What to produce — Print, please, exactly the lines from the one with "5 Bedroom Property" through the final line of the data below, with both ends included and the pictures left out.

Data excerpt —
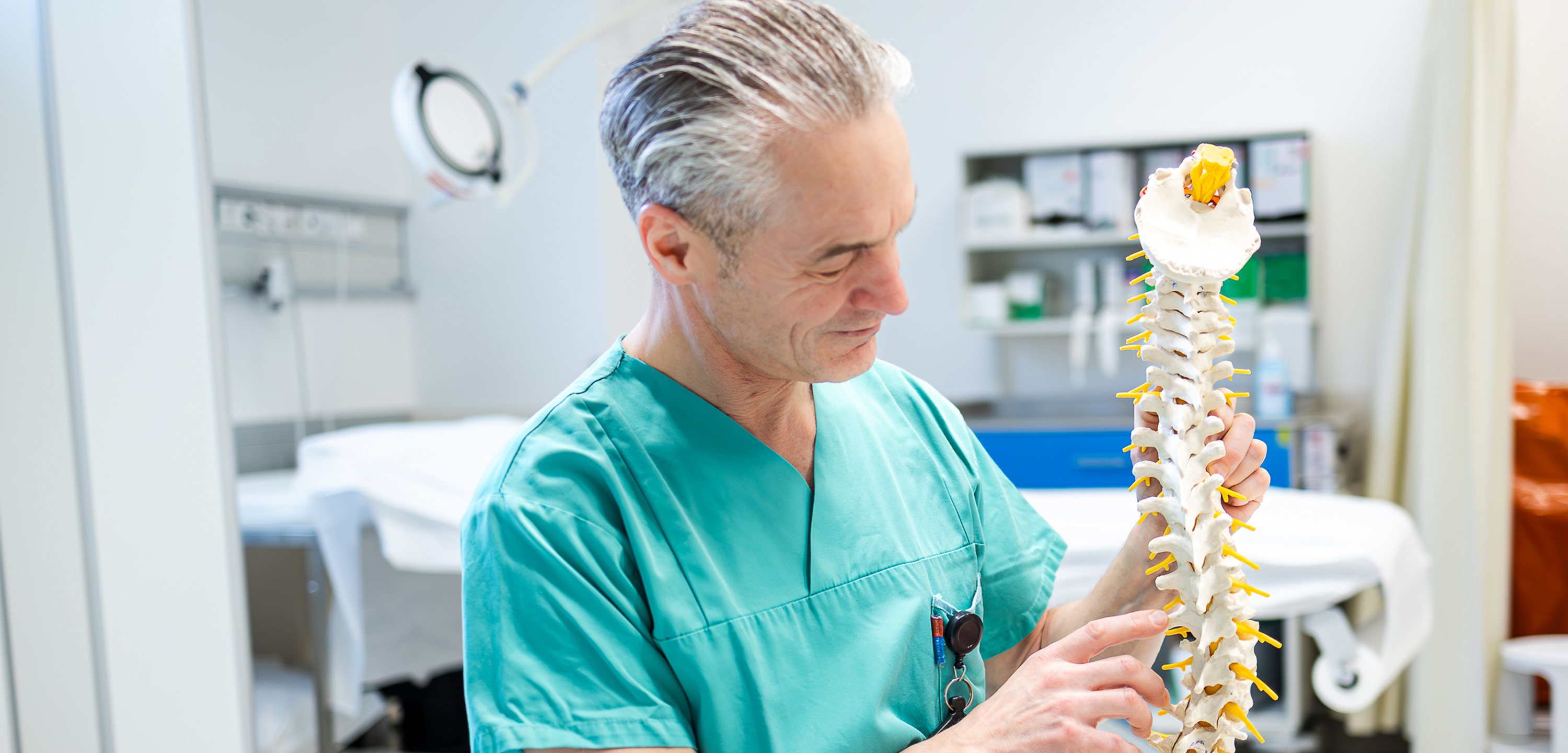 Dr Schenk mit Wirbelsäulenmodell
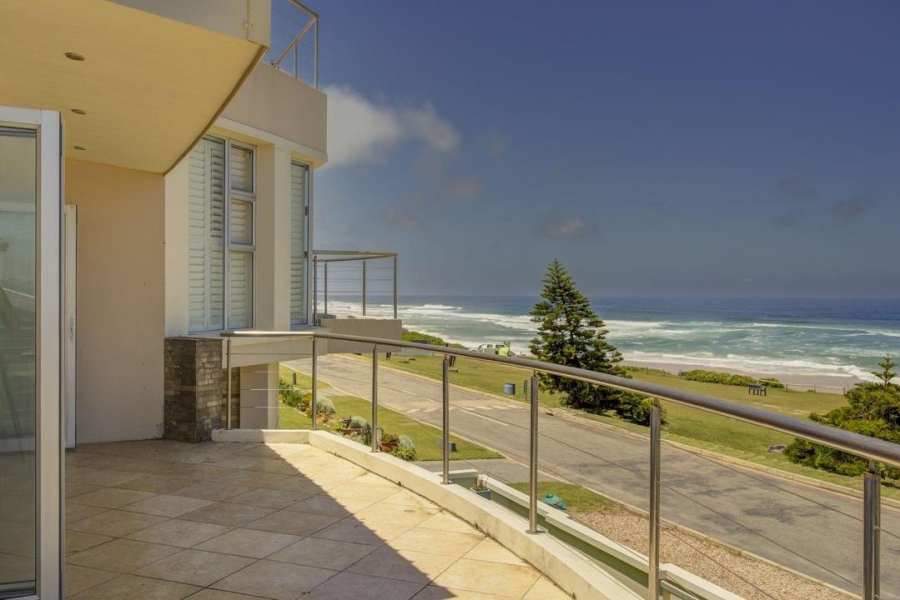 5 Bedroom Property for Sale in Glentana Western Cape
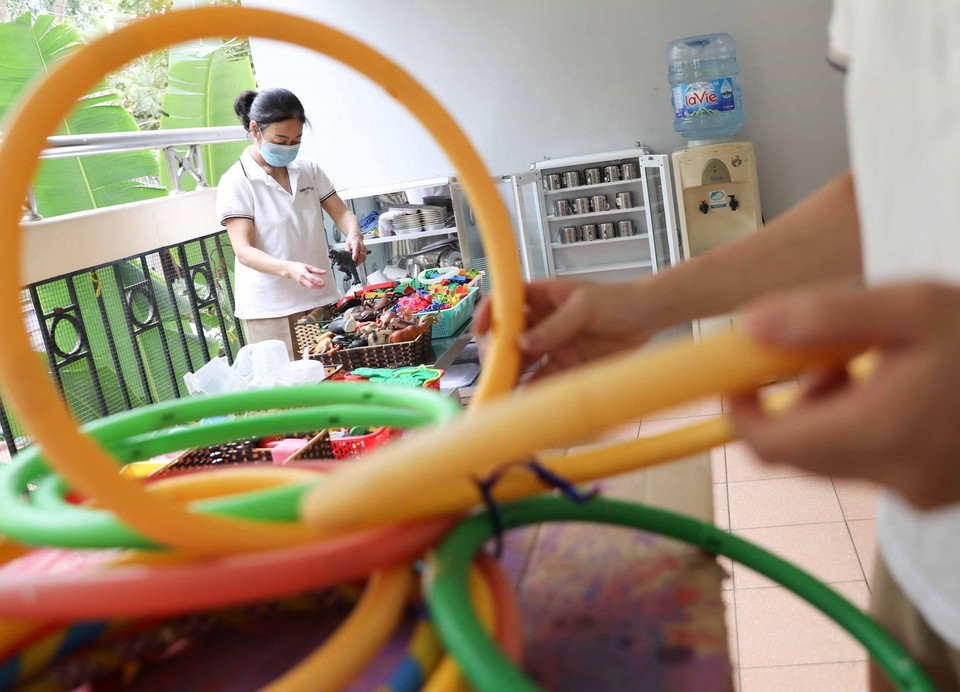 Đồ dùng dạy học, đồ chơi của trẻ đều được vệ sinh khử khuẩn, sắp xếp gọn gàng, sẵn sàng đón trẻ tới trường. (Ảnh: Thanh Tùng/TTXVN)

Answer box —
 5 Bedroom Property for Sale in Glentana Western Cape
 Đồ dùng dạy học, đồ chơi của trẻ đều được vệ sinh khử khuẩn, sắp xếp gọn gàng, sẵn sàng đón trẻ tới trường. (Ảnh: Thanh Tùng/TTXVN)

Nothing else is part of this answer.